— WHAT TO WORK ON —
Your answer should consist only of the lines below from the one with "9050 Seward Park" through the one with "Картинка пейзаж, небо, трава, облака, поля, лето, природа", copied exactly.

*** EXTRACTED MATERIAL Section Begins ***

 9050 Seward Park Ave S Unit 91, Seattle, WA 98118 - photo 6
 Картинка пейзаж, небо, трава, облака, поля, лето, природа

*** EXTRACTED MATERIAL Section Ends ***
*** EXTRACTED MATERIAL Section Begins ***

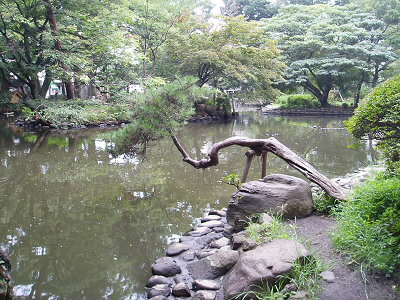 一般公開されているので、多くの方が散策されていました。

*** EXTRACTED MATERIAL Section Ends ***

— ANSWER SECTION —
 9050 Seward Park Ave S Unit 91, Seattle, WA 98118 - photo 6
 Картинка пейзаж, небо, трава, облака, поля, лето, природа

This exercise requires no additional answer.